Aan de andere kant zie ik als ondernemer ook weer een enorme business opportunity voor bedrijven om hun eigen nieuwskanaal op te zetten en om via dat nieuwskanaal hun eigen publicaties naar buiten te brengen. Met Trusted Media helpen we bedrijven met het opzetten van een eigen nieuwskanaal. De consument bepaalt tegenwoordig zelf waar ze goede verhalen vandaan halen. Als je goede afgewogen publicaties over je bedrijf naar buiten brengt, dan zien de lezers dat niet als reclame voor je bedrijf. Door de vele social media-kanalen gaat het stuk viral komt het bij zijn publiek terecht.

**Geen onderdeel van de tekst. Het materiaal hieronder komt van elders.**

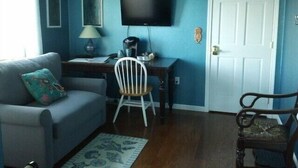 Un salon comprenant un canapé, un bureau avec une chaise, un téléviseur et une porte.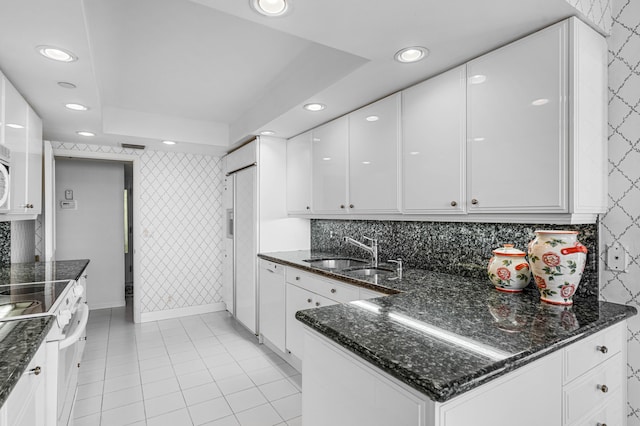 kitchen featuring dark stone counters, white appliances, white cabinetry, and sink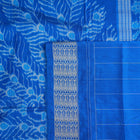 Close-up of Sambalpuri Silk saree fabric, revealing its rich texture and intricate black and blue weave.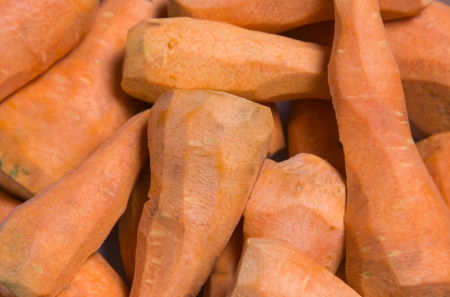 peeled carrots close-up as backgroundの写真素材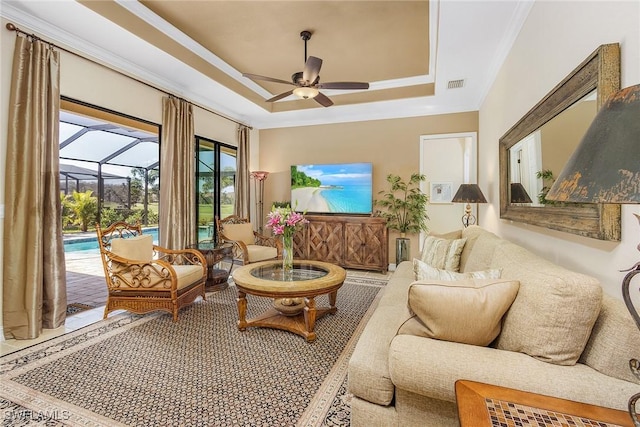 living room with a tray ceiling, ceiling fan, and crown molding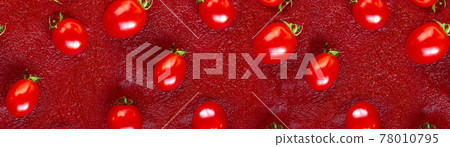 Cherry tomato pattern on a red tomato paste or Ketchup background. Flat lay, top view Cherry tomato pattern on a red tomato paste or Ketchup background. Flat lay, top view 78010795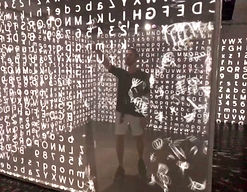 Igor Siberia pointing toward a wall of flying numbers, symbolizing advanced scientific research in consciousness and breath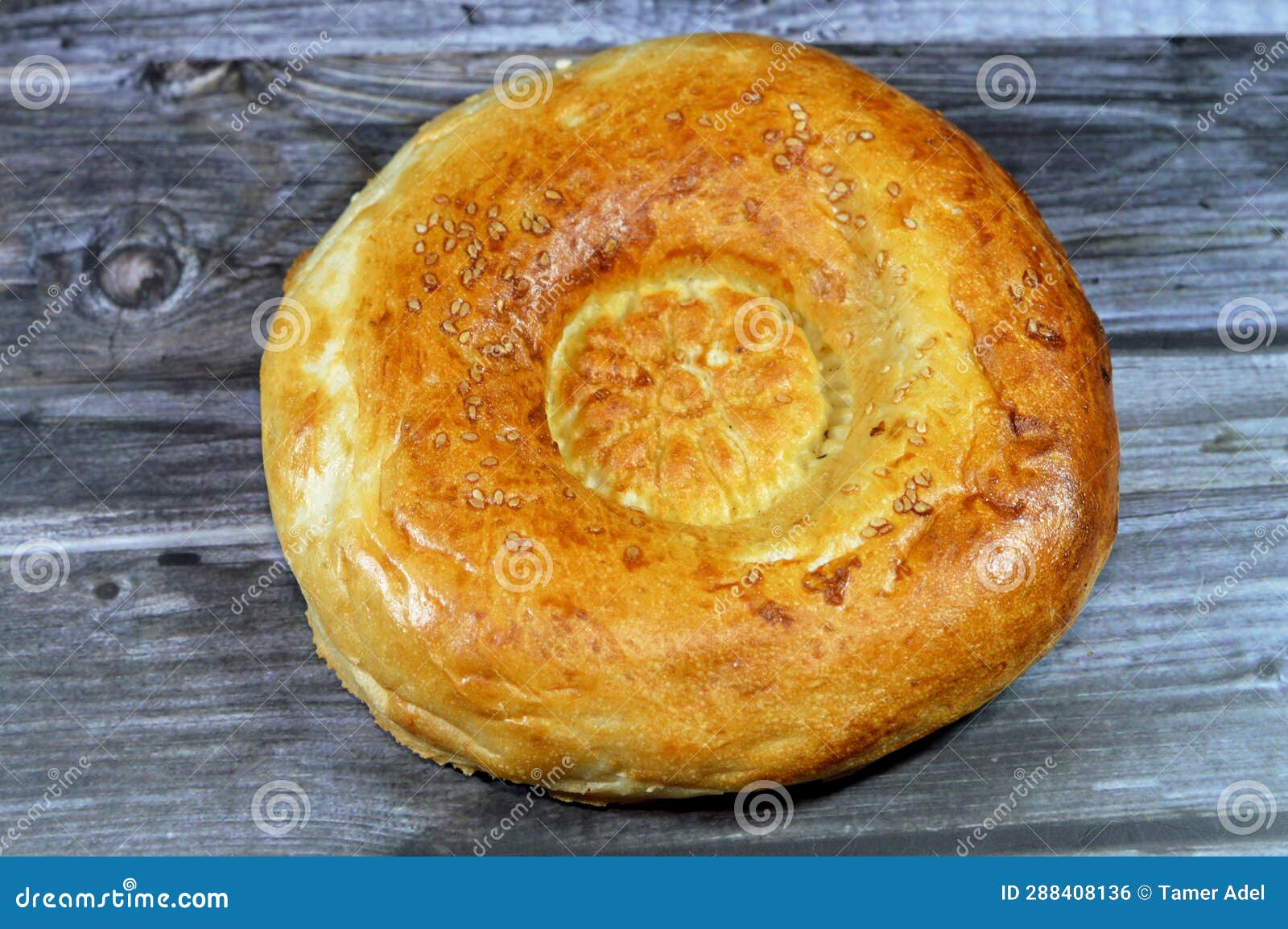 tandyr nan uzbek bread, a type of central asian bread, often decorated by stamping patterns on the dough by using a bread stamp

Voor de hele hype over fake news schreef ik dat veel mensen zelf bepalen wat wel en niet klopt. Daar heb je de journalistiek niet meer voor nodig. Maar over die uitspraak ben ik wel wat genuanceerder gaan denken. Ik ben een groot voorstander van goede journalistiek, maar dat wil niet zeggen dat Sjuul en ik geen kansen grijpen op het moment dat een bedrijf een eigen nieuwskanaal wilt hebben.”

Jan-Kees Emmer op het kantoor van zijn eigen bedrijf in Amsterdam West.

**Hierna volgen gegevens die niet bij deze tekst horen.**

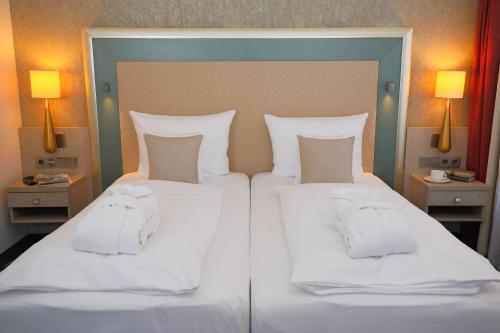 a large bed with white sheets and pillows at Hotel Bayerischer Hof Miesbach, BW Premier Collection in Miesbach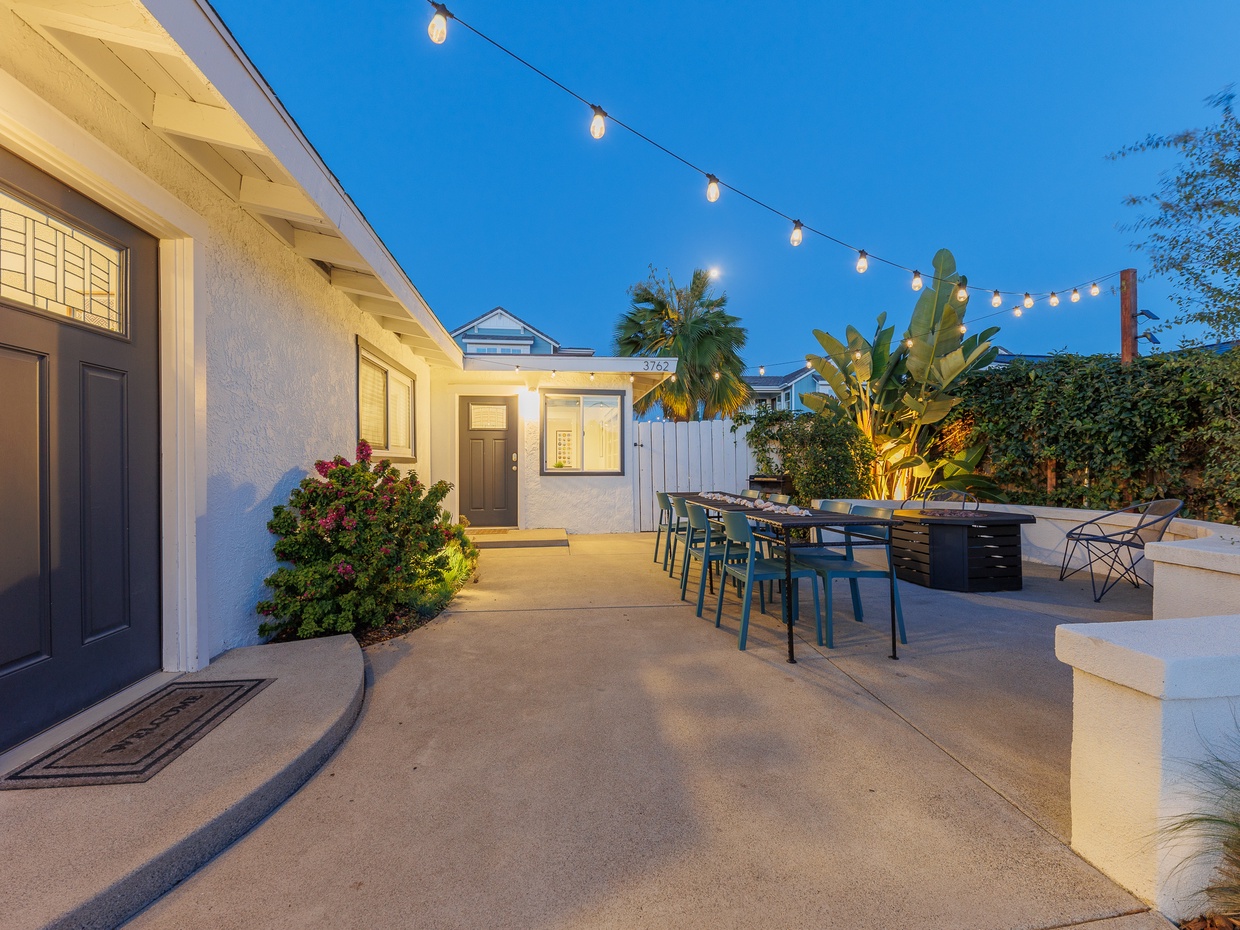 Front patio with outdoor dining table, firepit, and string light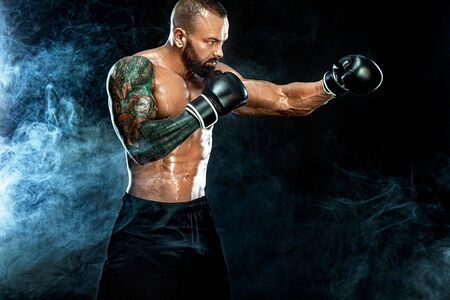 Fitness and boxing concept. Boxer, man fighting or posing in gloves on black background. Individual...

 Heb je een tip voor mij als student journalistiek?
“Probeer zoveel mogelijk stage te lopen. En focus je ook op video en de digitale kant van de journalistiek. Je moet je verbreden. Verhalen kunnen op zoveel verschillende manieren verteld worden, waarvan er een altijd schrijvend zal blijven, maar de massa trekt allemaal naar video. Als jij een podium wilt hebben, moet je ook richting video gaan en die mediamix aankunnen. Probeer dat via een stage bij grote namen onder de knie te krijgen.”